═════ Supplied information

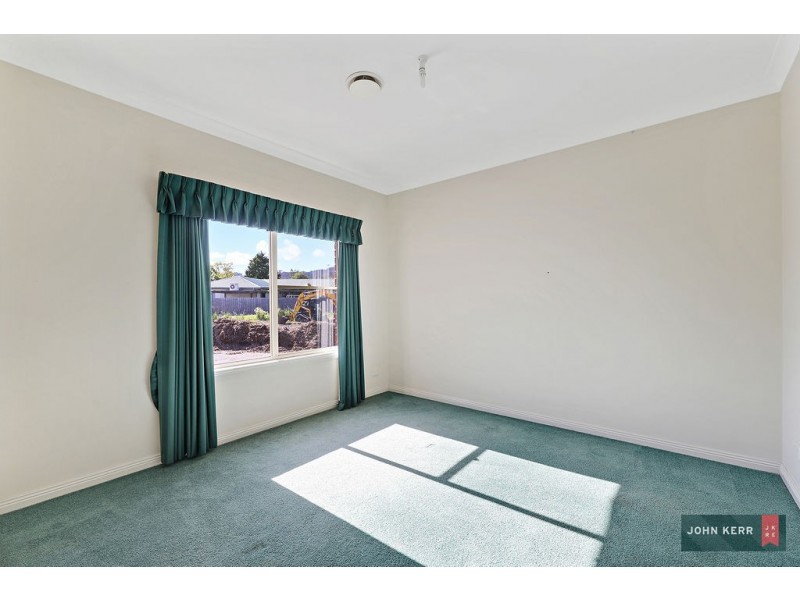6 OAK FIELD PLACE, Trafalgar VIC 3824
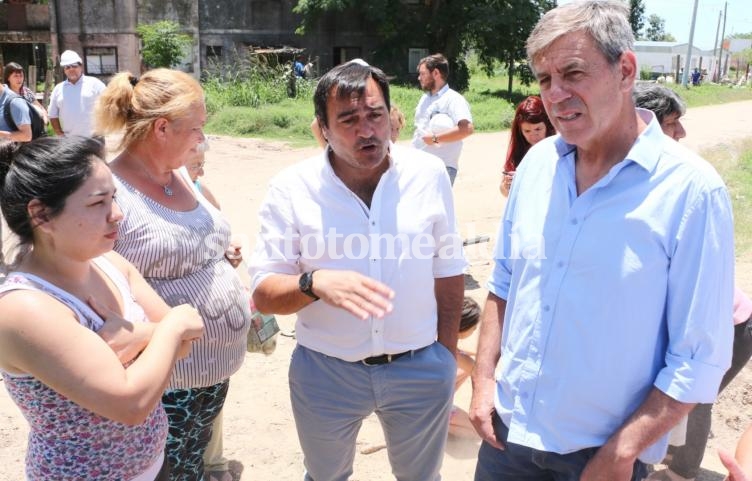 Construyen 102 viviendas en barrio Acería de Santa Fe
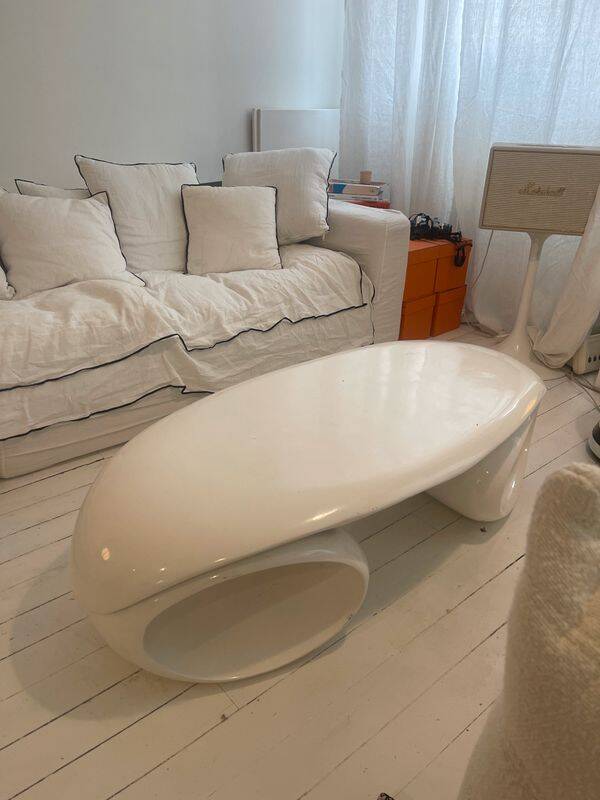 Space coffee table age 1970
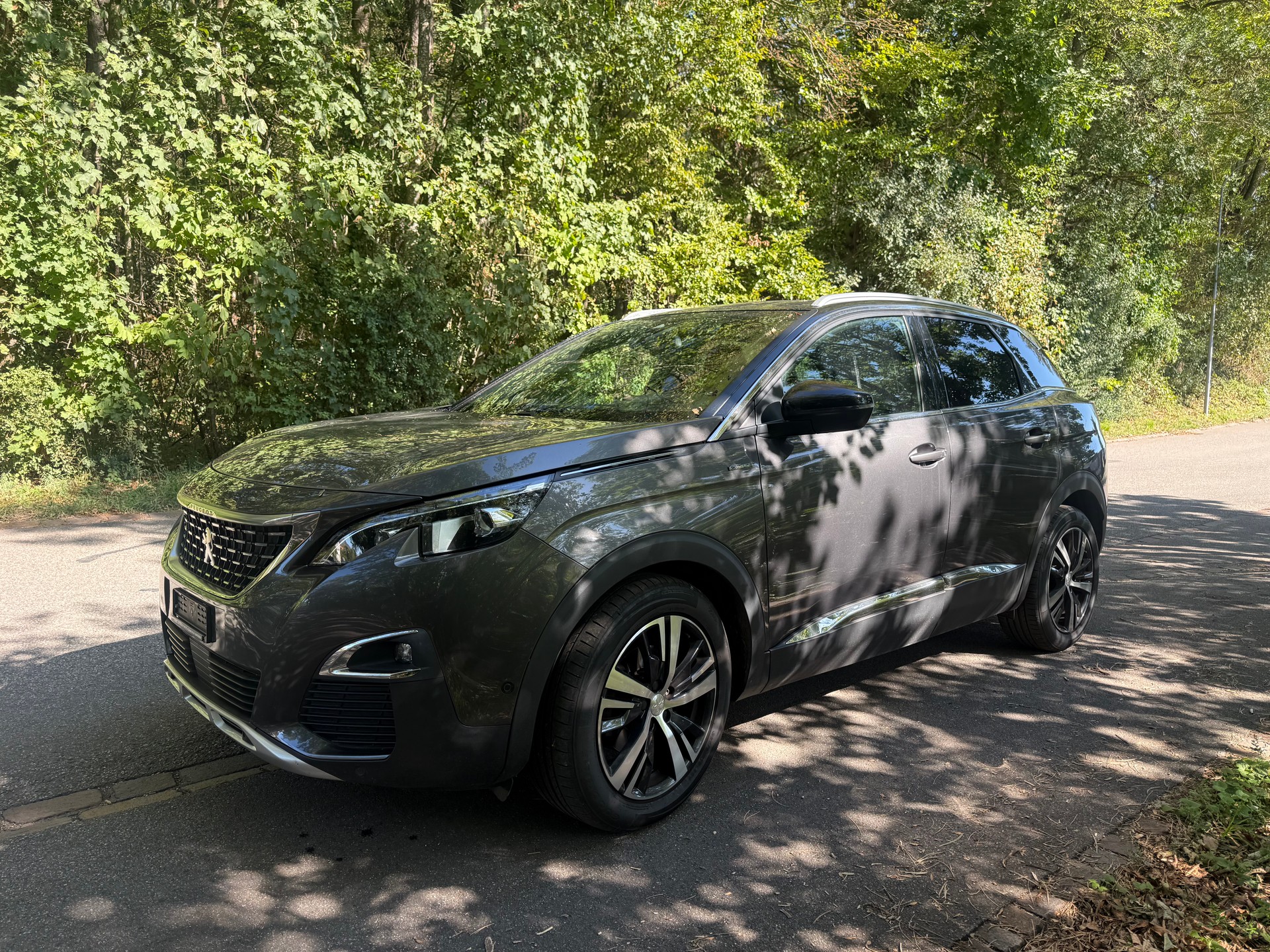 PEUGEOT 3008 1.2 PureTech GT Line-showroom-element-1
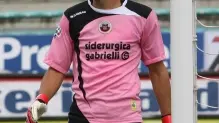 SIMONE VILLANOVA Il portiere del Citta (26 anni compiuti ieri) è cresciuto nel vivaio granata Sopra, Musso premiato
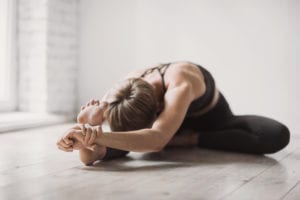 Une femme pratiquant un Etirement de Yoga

══════════

Please print each entry exactly as it stands, without the pictures.

6 OAK FIELD PLACE, Trafalgar VIC 3824
 Construyen 102 viviendas en barrio Acería de Santa Fe
 Space coffee table age 1970
 PEUGEOT 3008 1.2 PureTech GT Line-showroom-element-1
 SIMONE VILLANOVA Il portiere del Citta (26 anni compiuti ieri) è cresciuto nel vivaio granata Sopra, Musso premiato
 Une femme pratiquant un Etirement de Yoga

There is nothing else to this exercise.